• [TASK DESCRIPTION] Repeat exactly the lines below from the line that contains "KANCAN JEANS Jeans (view 2)" to the last line, inclusive, without the pictures.

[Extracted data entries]
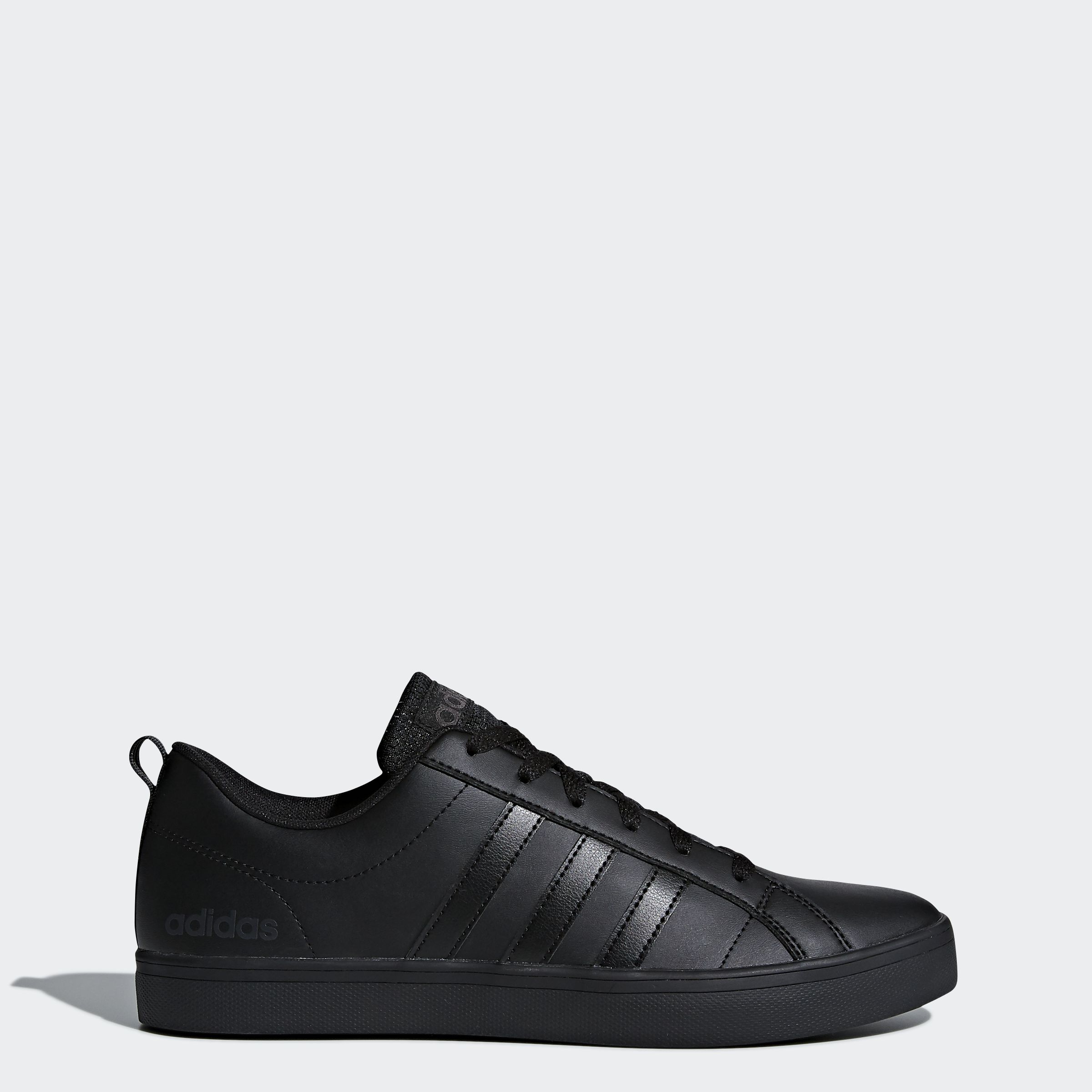 Чоловічі кросівки Adidas VS Pace B44869_image_1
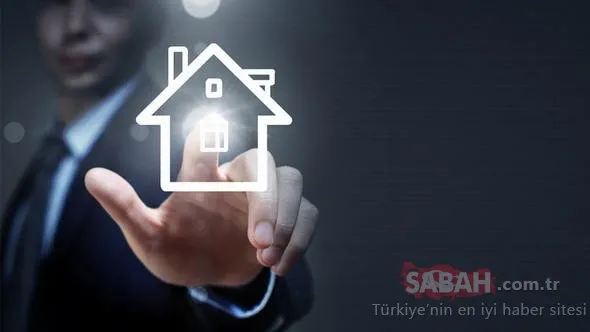 İstanbul’da 550 liraya oturmak mümkün! İşte semt semt İstanbul’un ev kiraları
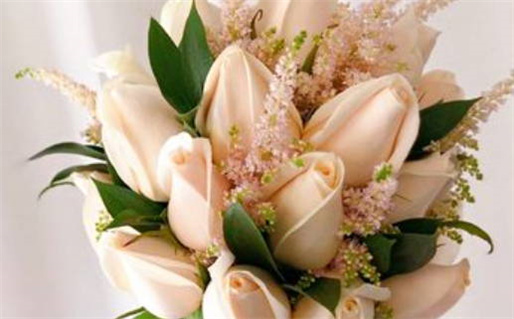 2028年06月28日结婚吉日查询 办婚礼吉利吗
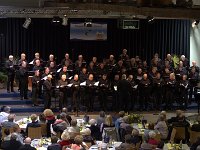 Concert Recht 15.10.2016 383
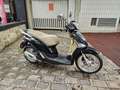 Piaggio Liberty 125 Noir - thumbnail 1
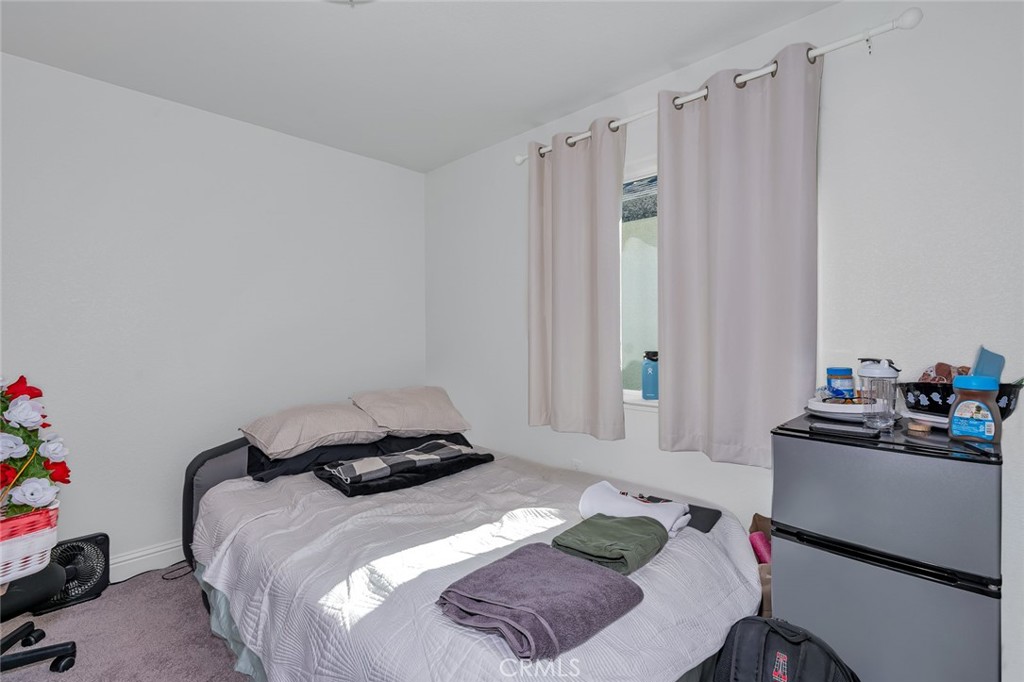 246 Montage, Merced, CA 95348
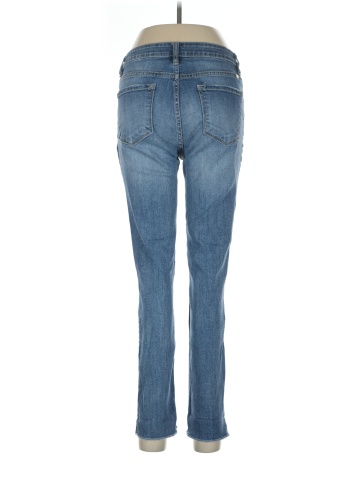 KANCAN JEANS Jeans (view 2)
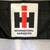 International Harvester Wall Flag (3’x5’) 3 thumbnail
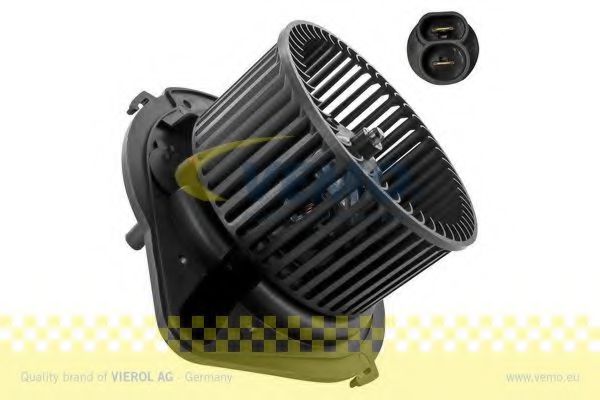 V15-03-1867 VEMO Heating / Ventilation Interior Blower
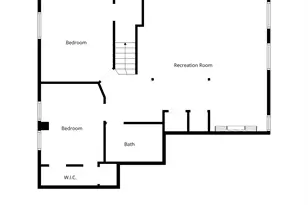 3743 W 83rd St, Chicago, IL 60652 - Photo 50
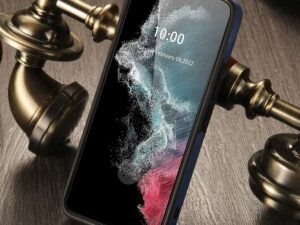 Samsung Galaxy S24 5G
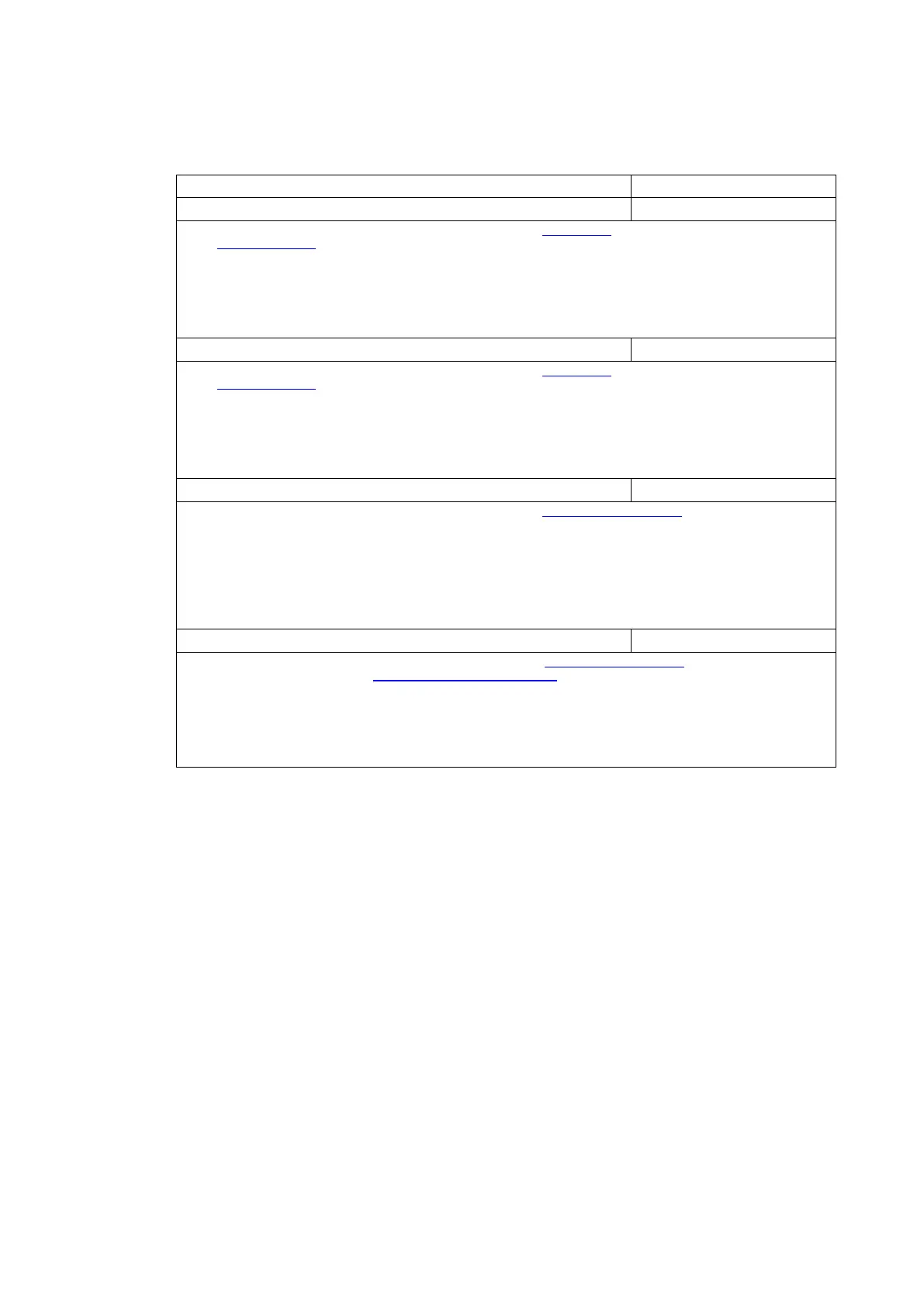 Page #268 background image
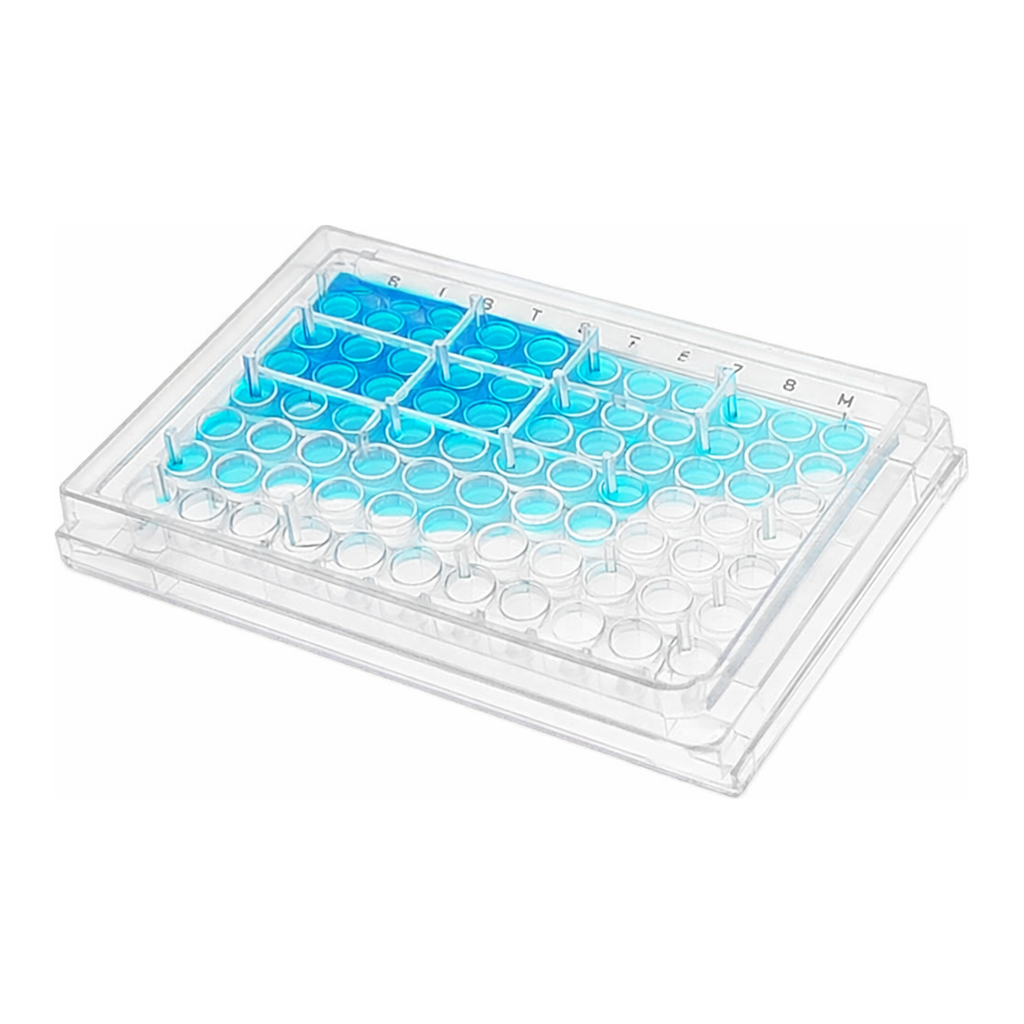 Merck IdMOC tissue culture plate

• [RESPONSE BELOW]
 KANCAN JEANS Jeans (view 2)
 International Harvester Wall Flag (3’x5’) 3 thumbnail
 V15-03-1867 VEMO Heating / Ventilation Interior Blower
 3743 W 83rd St, Chicago, IL 60652 - Photo 50
 Samsung Galaxy S24 5G
 Page #268 background image
 Merck IdMOC tissue culture plate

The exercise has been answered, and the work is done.